Новое прочтение – глазами отца, с позиций его точки зрения – раскрыло по-новому содержание. Задумав психологический роман, Сергей понял, что ему недостаёт внутренних конфликтов главного героя. Рыцарь без страха и упрёка? Они бывают только в эпических сочинениях, не говоря уже о Дон Кихоте Сервантеса.
5
На этот раз Полина пришла вовремя, но, к огорчению Сергея, не одна. С ней был статный молодой человек с тёмными, загнутыми вверх усиками, придававшими ему лихой вид.
– Мой кузен Александр, – представила его Сергею Полина, смущаясь.
Ладонь Александра была тонкая, холодная, твёрдая; взгляд с прищуром, улыбка ироничная.
На сцене скрипка и фортепиано выплакивали цыганскую тоску.
– Я уже немало наслышан о вас, – сказал Александр. – И какую же неправду о России ждут от вас французы? Как вам удаётся ориентироваться в нашем хаосе?
– Признаться, не такой я ожидал увидеть революцию.

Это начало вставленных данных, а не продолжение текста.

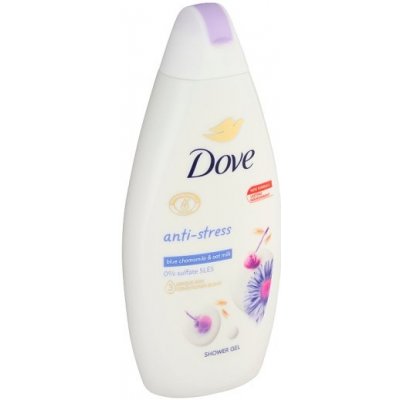 Dove Anti-Stress dámský relaxační sprchový gel 450 ml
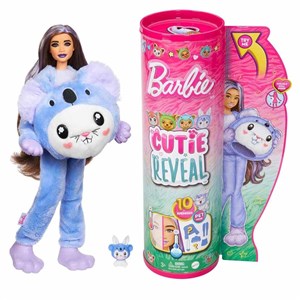 Barbie Cutie Reveal Şirin Kostümler Serisi/HRK25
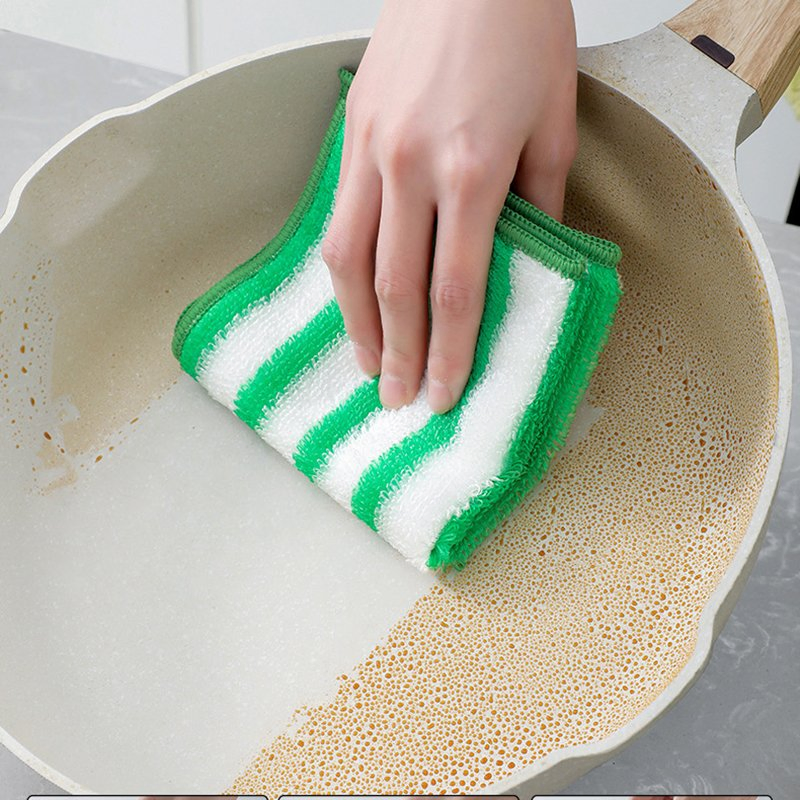 Esun Reusable and Highly Absorbent Dishcloth Towels for Kitchens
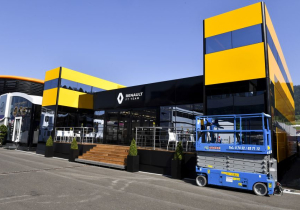 Renault team personnel to work from home ahead of shutdown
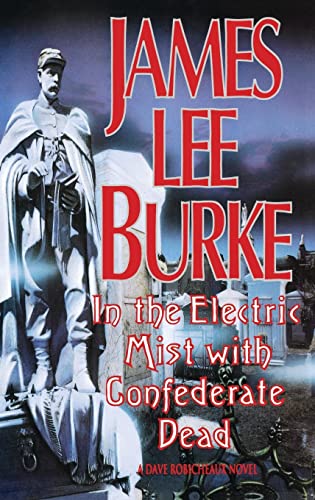 cover image In the Electric Mist with the Confederate Dead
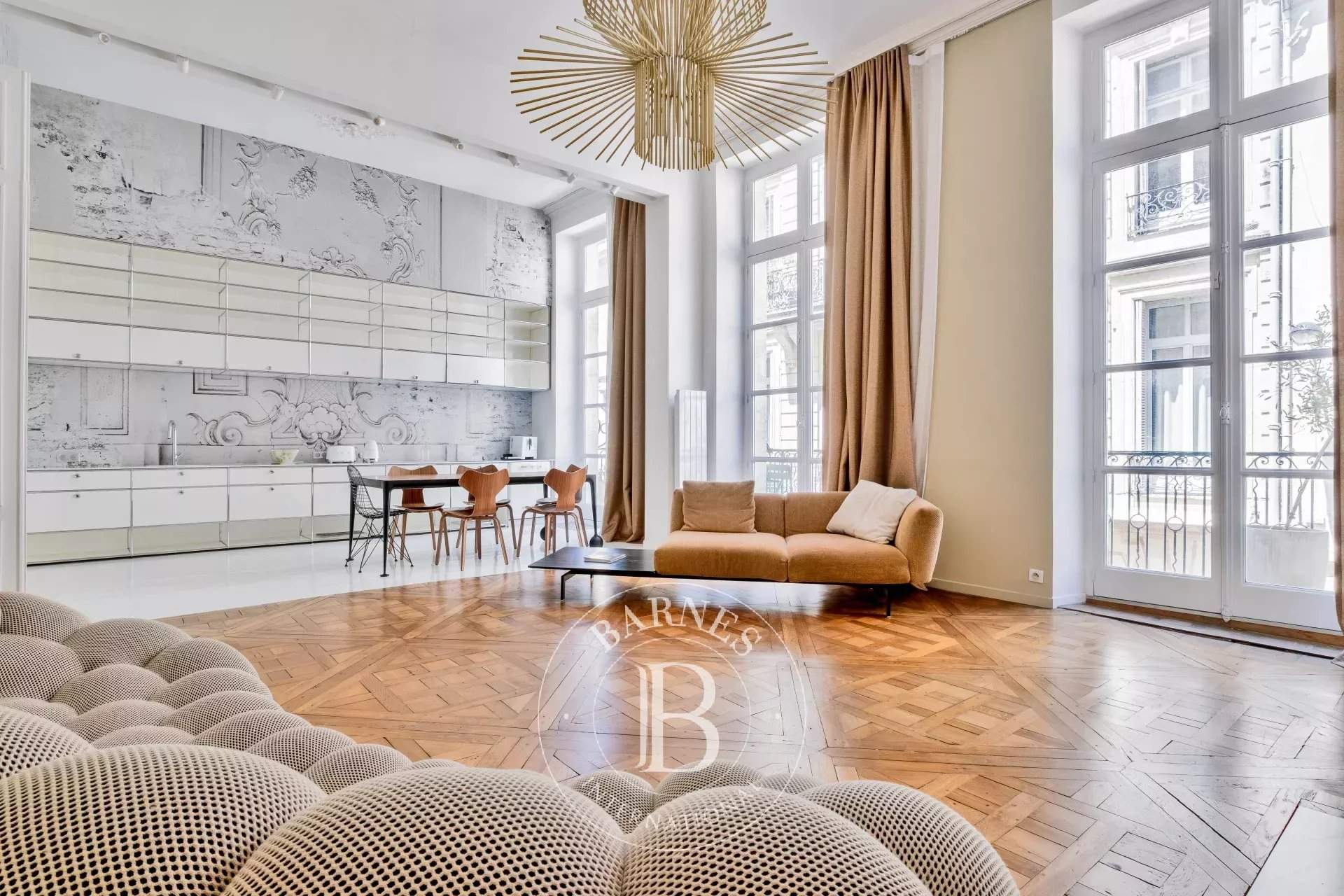 Bordeaux  - Appartement 3 Pi&egrave;ces 2 Chambres - picture 1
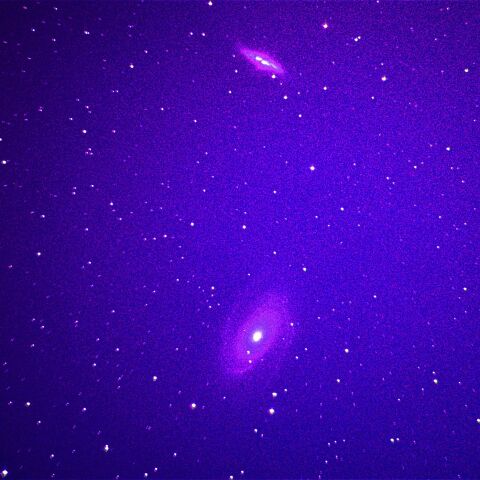 M81  M82 ボーデ銀河   2022  5／28
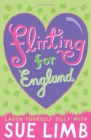 Flirting for England - Book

– Всё ещё впереди. Мне так кажется.
– А у меня на душе тревожно, – сказала Полина. – До сих пор я жила с какими-то радостными надеждами. Помните, как в детстве перед Рождеством, или Пасхой, или днем ангела, или вообще просто так. Веришь – настанет новый день, будет солнце, придут гости, праздник, сюрпризы… А теперь… Я впервые не вижу впереди ничего хорошего… Я опасаюсь будущего.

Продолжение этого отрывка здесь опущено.